→ **Work instruction**
Word for word, copy the listing below and leave out its images.

*** Opening of Records supplied ***

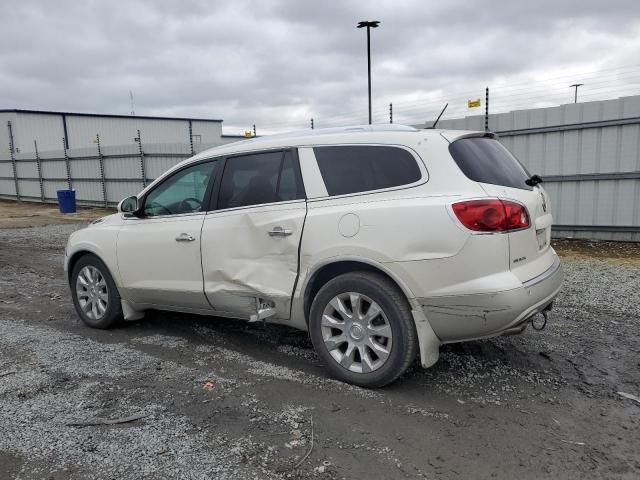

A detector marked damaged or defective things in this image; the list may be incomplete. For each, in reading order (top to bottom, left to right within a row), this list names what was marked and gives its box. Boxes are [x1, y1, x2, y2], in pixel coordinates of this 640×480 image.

dented rear door [201, 148, 308, 320]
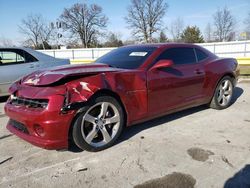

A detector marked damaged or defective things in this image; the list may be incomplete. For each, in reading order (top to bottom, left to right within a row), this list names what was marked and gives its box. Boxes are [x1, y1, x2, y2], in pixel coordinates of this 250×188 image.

crumpled hood [21, 63, 120, 86]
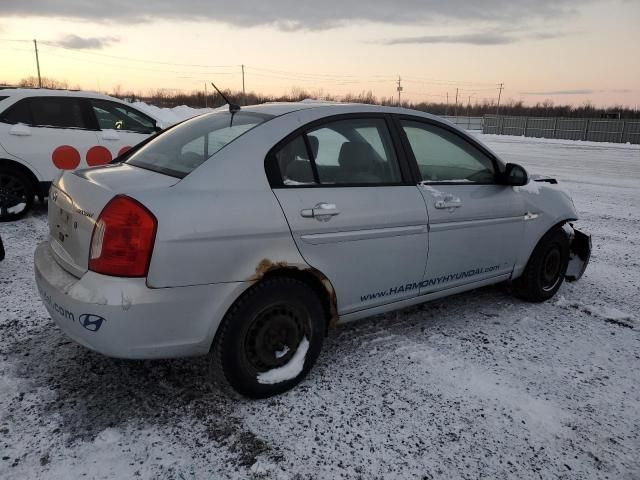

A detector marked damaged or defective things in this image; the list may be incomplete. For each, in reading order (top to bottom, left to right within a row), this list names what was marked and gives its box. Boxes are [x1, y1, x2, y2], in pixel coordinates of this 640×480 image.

damaged front bumper [564, 225, 592, 282]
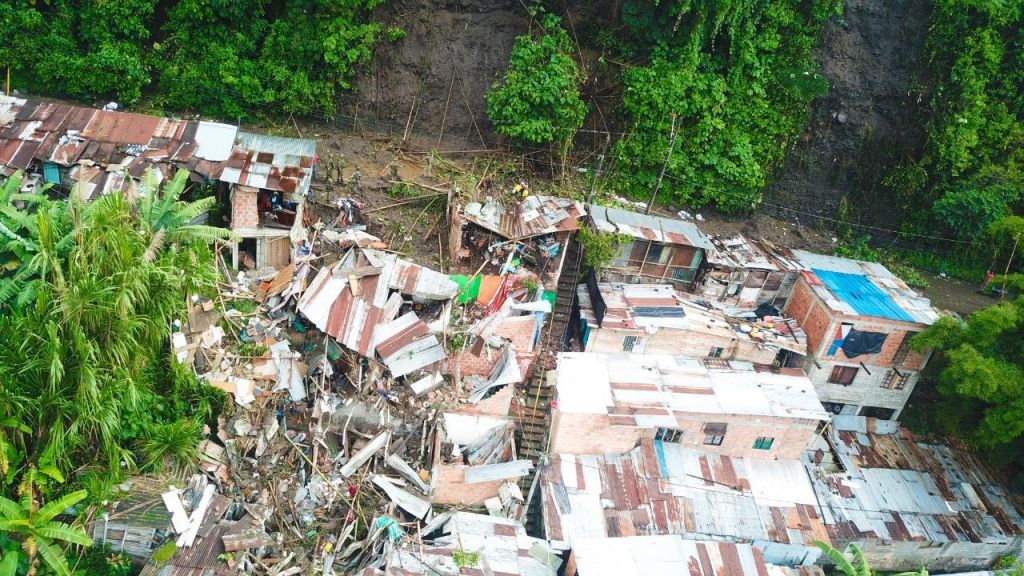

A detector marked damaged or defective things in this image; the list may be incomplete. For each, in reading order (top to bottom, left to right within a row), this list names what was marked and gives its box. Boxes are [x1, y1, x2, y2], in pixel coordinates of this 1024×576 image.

broken window [620, 332, 636, 352]
broken window [824, 366, 856, 384]
broken window [880, 368, 912, 392]
broken window [656, 426, 680, 444]
broken window [704, 420, 728, 448]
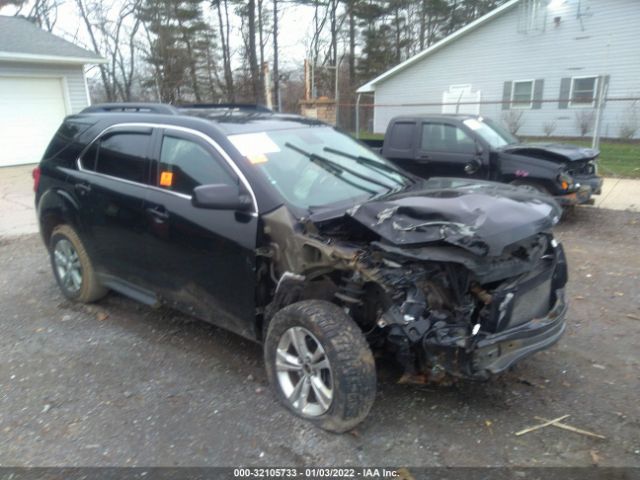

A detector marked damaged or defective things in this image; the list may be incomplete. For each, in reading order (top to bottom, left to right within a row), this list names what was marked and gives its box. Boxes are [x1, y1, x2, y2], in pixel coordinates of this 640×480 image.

crumpled hood [502, 143, 596, 162]
crumpled hood [344, 179, 560, 255]
black damaged suv [35, 103, 568, 434]
broken front bumper [470, 288, 564, 378]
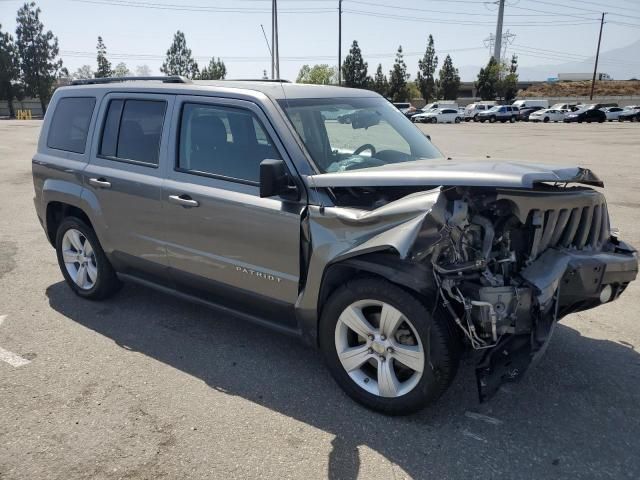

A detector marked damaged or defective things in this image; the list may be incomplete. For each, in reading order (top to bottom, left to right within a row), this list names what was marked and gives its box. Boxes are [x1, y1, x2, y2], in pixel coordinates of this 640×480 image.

damaged jeep patriot [32, 77, 636, 414]
damaged hood [308, 162, 604, 190]
collision damage [298, 168, 636, 398]
crumpled front end [298, 184, 636, 402]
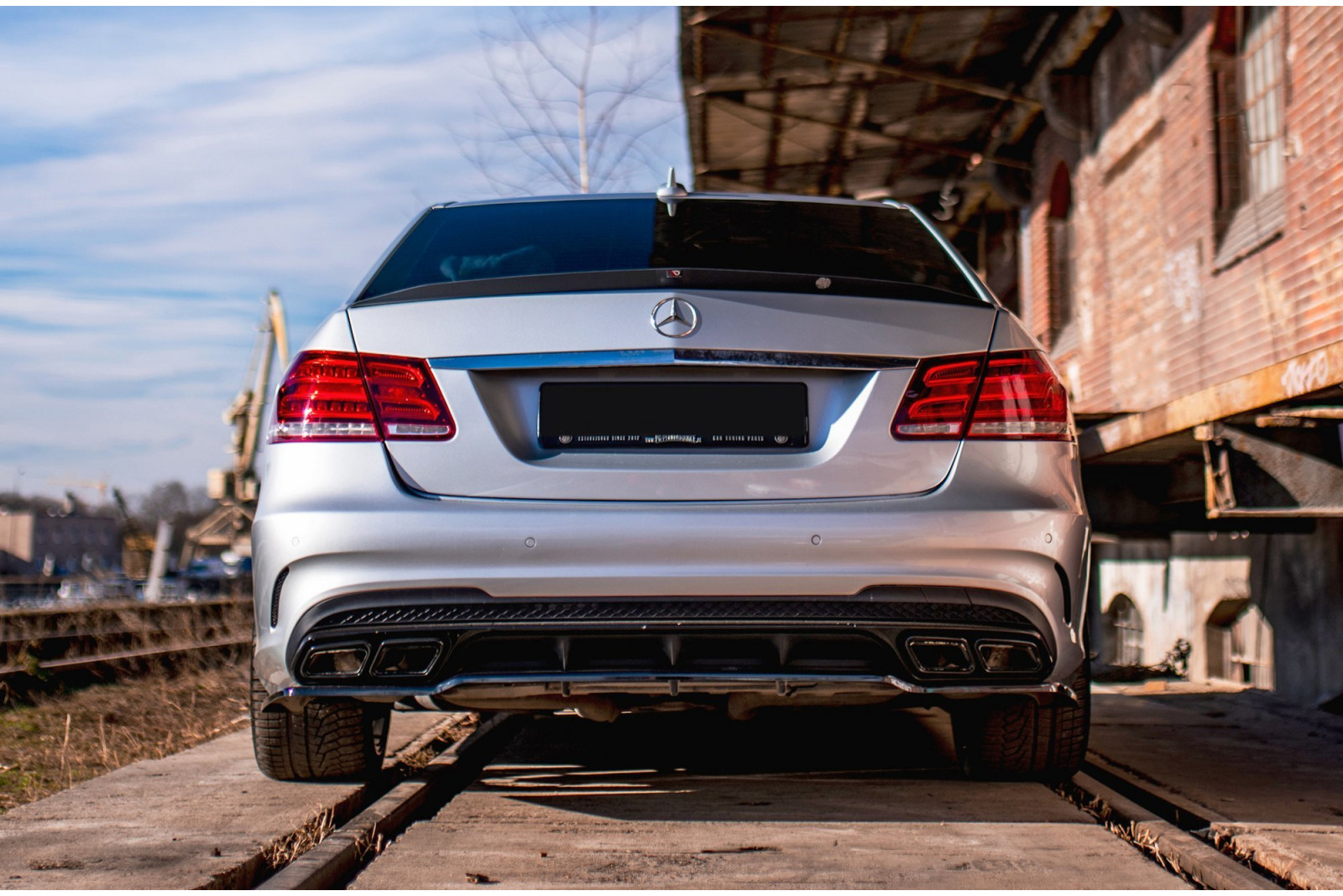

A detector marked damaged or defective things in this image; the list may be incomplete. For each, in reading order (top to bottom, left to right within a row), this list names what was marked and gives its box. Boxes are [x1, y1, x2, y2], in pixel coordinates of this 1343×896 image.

rusty metal beam [698, 20, 1042, 107]
rusty metal beam [708, 95, 1031, 171]
rusty metal beam [1074, 337, 1343, 461]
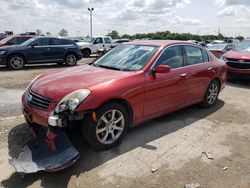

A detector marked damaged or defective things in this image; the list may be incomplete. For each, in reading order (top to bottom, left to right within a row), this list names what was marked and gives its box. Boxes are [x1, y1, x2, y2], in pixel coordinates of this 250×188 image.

damaged red car [11, 41, 227, 173]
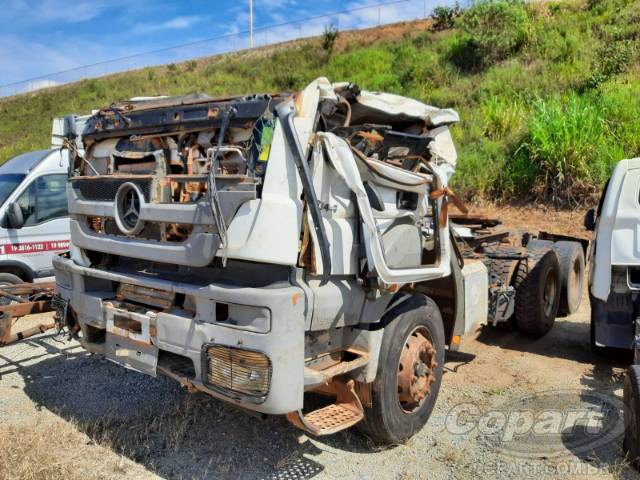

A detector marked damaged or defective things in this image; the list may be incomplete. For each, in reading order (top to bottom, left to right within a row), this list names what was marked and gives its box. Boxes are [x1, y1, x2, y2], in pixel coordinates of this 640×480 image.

severely damaged truck [55, 78, 584, 442]
rusted metal [398, 328, 438, 410]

*** Close of Records supplied ***

→ **Task response**
A detector marked damaged or defective things in this image; the list may be incomplete. For each, in reading order (top to bottom, left to right within a row), this list names what was marked and gives its box. Boxes are [x1, y1, x2, y2], in pixel coordinates of this 640×480 image.

dented rear door [201, 148, 308, 320]

A detector marked damaged or defective things in this image; the list may be incomplete. For each, in reading order (top to bottom, left to right within a row), this list names what was marked and gives its box. Boxes are [x1, y1, x2, y2], in pixel coordinates of this 250×188 image.

crumpled hood [21, 63, 120, 86]

A detector marked damaged or defective things in this image; the list may be incomplete. For each, in reading order (top to bottom, left to right within a row), this list names what was marked and gives its box. Boxes are [x1, y1, x2, y2], in pixel coordinates of this 640×480 image.

damaged front bumper [564, 225, 592, 282]

A detector marked damaged or defective things in this image; the list may be incomplete. For each, in reading order (top to bottom, left to right within a row), this list names what was marked and gives its box. Boxes are [x1, y1, x2, y2], in pixel coordinates of this 1024×576 image.

broken window [620, 332, 636, 352]
broken window [824, 366, 856, 384]
broken window [880, 368, 912, 392]
broken window [656, 426, 680, 444]
broken window [704, 420, 728, 448]

A detector marked damaged or defective things in this image; the list may be incomplete. For each, in reading order (top to bottom, left to right within a row), this list names what was marked and gives its box. Boxes are [x1, y1, x2, y2], in pixel coordinates of this 640×480 image.

crumpled hood [502, 143, 596, 162]
crumpled hood [344, 179, 560, 255]
black damaged suv [35, 103, 568, 434]
broken front bumper [470, 288, 564, 378]

A detector marked damaged or defective things in this image; the list may be incomplete. For each, in reading order (top to bottom, left to right within a row), this list names what was marked and gives its box. Boxes are [x1, y1, x2, y2], in pixel coordinates of this 640×480 image.

damaged jeep patriot [32, 77, 636, 414]
damaged hood [308, 162, 604, 190]
collision damage [298, 168, 636, 398]
crumpled front end [298, 184, 636, 402]

A detector marked damaged or defective things in this image; the list may be incomplete. For each, in reading order (top to bottom, left to right within a row), this list names what was marked and gives its box. Boxes are [x1, y1, x2, y2], in pixel coordinates of this 1343×896 image.

rusty metal beam [698, 20, 1042, 107]
rusty metal beam [708, 95, 1031, 171]
rusty metal beam [1074, 337, 1343, 461]

A detector marked damaged or defective things in this image; the list may be incomplete. For each, in reading order (top to bottom, left to right within a row), this list names what was marked and gives its box. Boxes are [x1, y1, x2, y2], in pixel coordinates of this 250×188 image.

damaged red car [11, 41, 227, 173]

A detector marked damaged or defective things in this image; the list may be incomplete. For each, in reading order (top to bottom, left to right within a row), this list names what was marked and gives its box. Boxes are [x1, y1, x2, y2], in pixel coordinates of this 640×480 image.

severely damaged truck [55, 78, 584, 442]
rusted metal [398, 328, 438, 410]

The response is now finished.